Dinçer bu kez müdürlere yüklendi
Başkent Öğretmenevi'nde dün düzenlenen Eğitim ve Öğretimde Yenilikçilik Ödül töreninde bir konuşma yapan Ömer Dinçer, okullarda yaşanan fiziki sorunların, kaynak yetersizliğinden değil okullardaki yönetim zaafiyetinden kaynaklandığını iddia etti.
Dinçer, okulların ihtiyaçlarını karşılayacak yeterli kaynaklarının bulunduğunu belirterek ''Bu kadar kaynak varken hala bir okulumuzun sorunu varsa aslında orada kaynak sorunu değil yönetim sorunu, yönetici sorunu var diye düşünüyorum'' diyerek doğrudan okul idarecilerini beceriksizlikle suçladı.
Yani sayın Bakan demek istiyor ki;
Herşey güllük gülistanlık. Eğitimde, okullarımızda hiçbir sorun yaşanmıyor. Yaşandığı iddia edilen sıkıntılar ise; tamamen okul yöneticilerinin beceriksizliğinden kaynaklanıyor. Gerek Bakanlık bütçesinden ve gerekse İl Özel İdare bütçesinden istediklerinin de üzerinde kaynak okullara aktarılıyor. Bu okul müdürlerinin bir elleri yağda diğer bir elleri balda. Onlara oluk oluk para aktarıyoruz. Daha ne yapalım?
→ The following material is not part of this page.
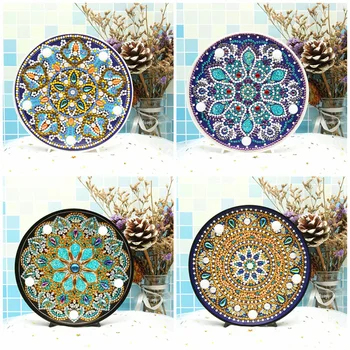 

HUACAN Full Round Diamond Painting LED Lamp Mandala 5d Diamond Embroidery Mosaic Christmas Handmade Gift Home Art Decor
Bu kadar bolluğa rağmen, hala okullardaki bazı eksiklikler giderilemiyorsa bilin ki, bu müdürler beceriksizdir!
Evet, sayın Bakanın değerlendirmesinin Türkçesi bu!
Merak ediyoruz;
Sayın Ömer Dinçer 42.000 okuldan kaç tanesiyle birebir iletişim kurarak sahip olduğu bu kanaati oluşturdu?
42.000 Okul müdüründen kaç tanesi kendisine "Sayın Bakanım, hamdolsun durumumuz çok iyi. Hiçbir ihtiyacımız yok. İğneden ipliğe bütün ihtiyaçlarımız bütçeden karşılanıyor. Okulumuzun, öğrencilerimizin, öğretmenlerimizin ve personelimizin bütün taleplerini eksiksiz ve zamanında karşılayabiliyoruz..." şeklinde beyanda bulundu da sayın Bakan bu kadar iddialı ve net konuşabiliyor?
Sayın Bakan;
Siz biliyor musunuz ki; okulların irili ufaklı tadilat ve tamirat işleri nasıl yapılıyor?
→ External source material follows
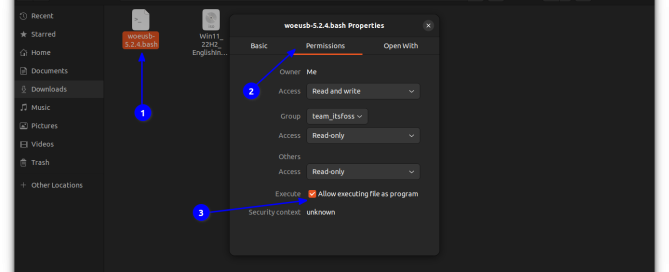 WoeUSB aracı ile Linux üzerinde Windows USB yükleme diski oluşturma işlemi.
Okullara yeterli hizmetli ve memur kadrosu tahsis etmediğiniz için, bu çalışanların hangi gayretlerle istihdam edildiği hakkında bilginiz var mı?
Örneğin, okuldaki bir fotokopi makinesinin dahi yıllık toner ve kağıt sarfiyatının ya da temizlik malzemelerinin hangi kalemden karşılandığını biliyor musunuz?
Okulun rutin kırtasiye giderlerinin hangi gelirle gerçekleştirildiğinin farkında mısınız?
Bakanlık ve Özel İdare bütçesinden aktarılan kaynağın, bir okulun yıllık giderinin yüzde kaçını ancak karşılayabildiğini, kalan ihtiyaçların kimlerin fedakarlığıyla temin edildiğini biliyor musunuz?
Bir okul idarecisinin kapı kapı dolaşarak, binbir türlü girişimde bulunarak okuluna nasıl kaynak sağladığını ve ancak bu sayede okulundaki eğitim hizmetini sağlıklı şekilde sürdürdüğünü biliyor musunuz?
Beceriksizlikle itham ettiğiniz okul idarecilerimizin, sabahın köründen akşamın karanlığına kadar mesai dinlemeden bütün zamanlarını kurumlarına adadıklarını, -eğer öğretmen değil de tüccar olsalardı onlara köşeyi döndürecek olan- bu olağan üstü maharetlerini okullarını idare edebilecekleri kaynakları temin için ortaya koyduklarını hiç düşündünüz mü?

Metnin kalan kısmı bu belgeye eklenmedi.